- Cover to Rex Libris #1. Art by James Turner

Publication information
- Publisher: Slave Labor Graphics
- Schedule: Quarterly
- Format: Standard
- Publication date: Aug. 2005 - Oct. 2008
- No. of issues: 13
- Main character: Rex Libris

Creative team
- Created by: James Turner
- Written by: James Turner
- Artist: James Turner

= Rex Libris =

Rex Libris is a science fiction / humor comic book series written and illustrated by James Turner. It was published quarterly from 2005 to 2008 by Slave Labor Graphics.

==Publication history==
Thirteen issues were published from August 2005 to October 2008.
- Rex Libris #1 (August 2005): "I, Librarian"
- Rex Libris #2 (November 2005): "Labyrinth of Literature"
- Rex Libris #3 (February 2006): "Leap of Faith"
- Rex Libris #4 (May 2006): "Battle on Benzine!"
- Rex Libris #5 (August 2006): "Tea with Vaglox"
- Rex Libris #6 (November 2006): "Book of Monsters"
- Rex Libris #7 (February 2007): "Monster Merry-go-Round!"
- Rex Libris #8 (May 2007): "Escape From the Book of Monsters"
- Rex Libris #9 (August 2007): "In the Grip of OGPU!"
- Rex Libris #10 (January 2008): "A Cock and Bull Story"
- Rex Libris #11 (April 2008): "R'lyeh Rising"
- Rex Libris #12 (August 2008): "Space Balls... of Evil!"
- Rex Libris #13 (October 2008): "Convergence of Chaos"

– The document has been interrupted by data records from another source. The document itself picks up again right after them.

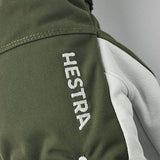 Army Leather Heli 5-finger Skihandsker - Unisex - Olive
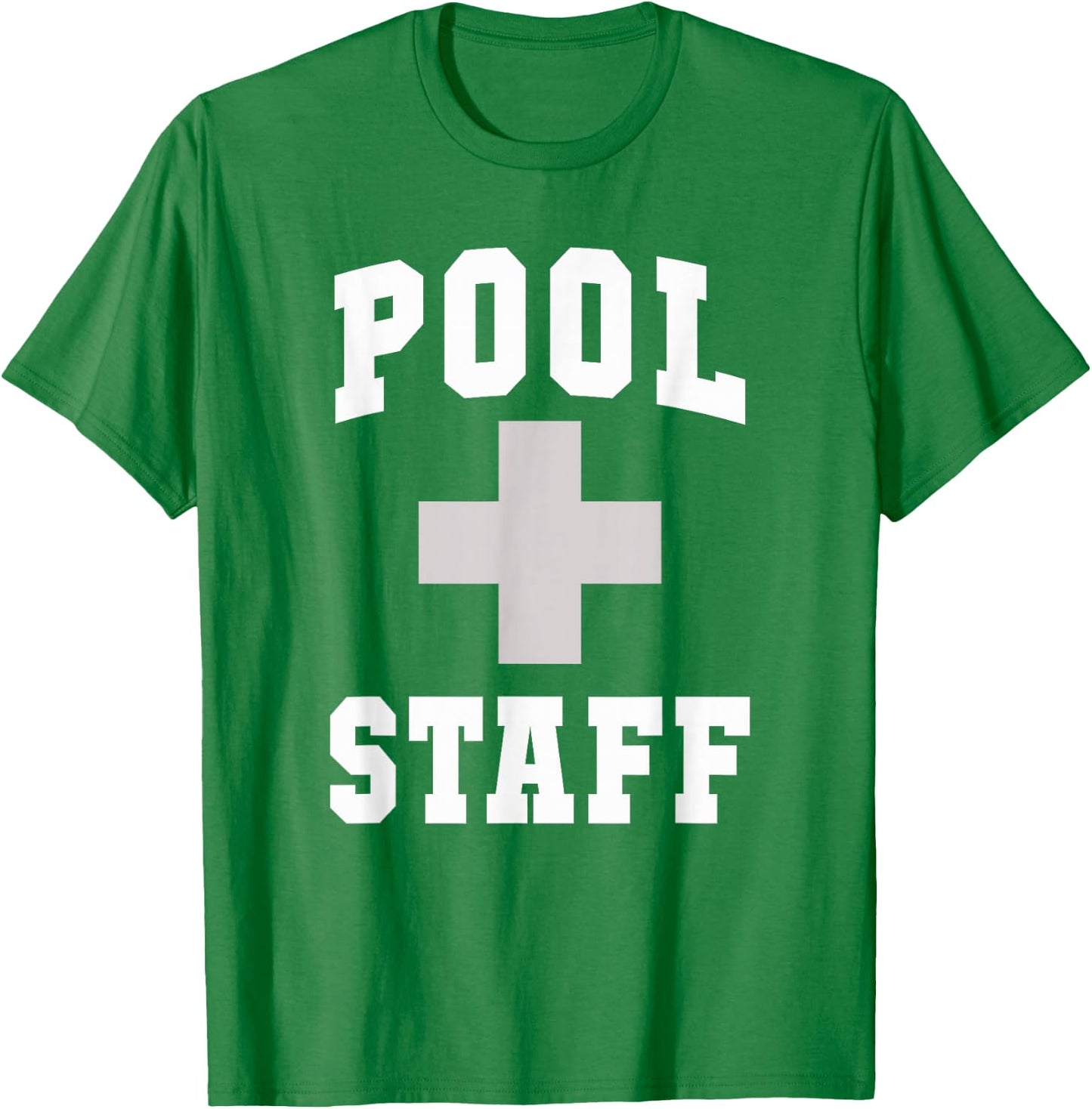 Cute POOL STAFF Off Duty Vacay Swim Cruise Swimming Vacation T-Shirt - T-Shirt | Irish Green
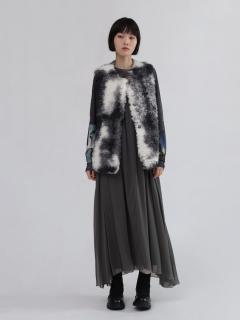 マーブルカラーボアベスト - LASUD - LASUD｜YAMADAYA STORE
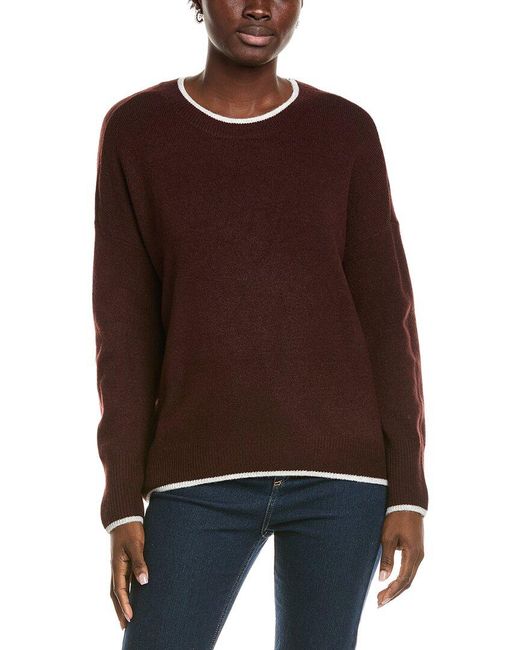 Vince Camuto Brown Crewneck Sweater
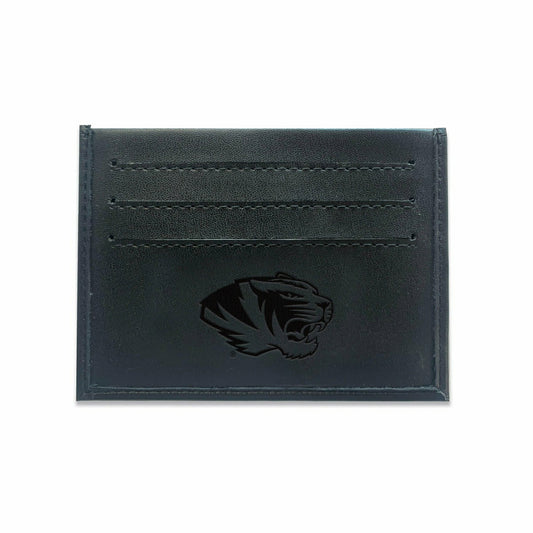 Team Sports America Classic - Front Pocket Wallet w/ RFID Blocking, University of Missouri, Black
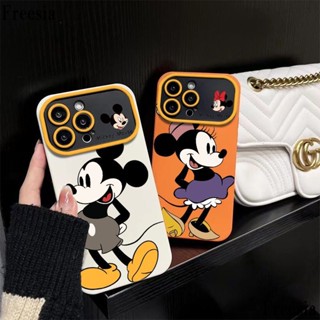 เคสมือถือ แบบนิ่ม ลายมิกกี้เมาส์ สําหรับ Apple 14 Pro Max Iphone 13 Pro 12 11 7p 7NIN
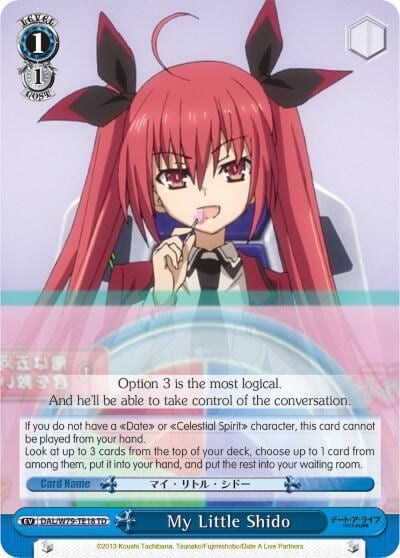 My Little Shido (Blue), Date A Live DAL/W79-TE18 TD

A trade paperback, Rex Libris: I, Librarian (ISBN 9781593620622), was published in 2007, collecting the first five issues of the series along with an unpublished short story, “Rex versus the Red Baron!”. A second trade paperback, Rex Libris: Book of Monsters (ISBN 978-1-59362-153-7), was published in 2009 and collects the final eight issues of the series. In 2022, The Big Book of Rex Libris (ISBN 978-1-59362-315-9) was released as an omnibus edition collecting all stories from the original comic series. All three volumes were published by SLG Publishing.

==Series overview==
The series follows the adventures of Rex Libris, the Head Librarian at the Middleton Public Library. Unbeknownst to the general public, Rex is actually over a thousand years old, and was the original librarian at the Library of Alexandria. He is a member of the Ordo Biblioteca, a secret international society of librarians. With the aid of the ancient god Thoth, who lives beneath the Library, Rex travels to the farthest reaches of the universe to collect late book fees, and to fight the powers of ignorance and darkness.

==Film adaptation==
In April 2007, Warner Bros. announced that they had hired Mark Burton to write the script for a film adaptation of Rex Libris. The producer of the film is Mosaic Media. In 2012, Walden Media acquired the rights and hired Ben Zazove to write the script.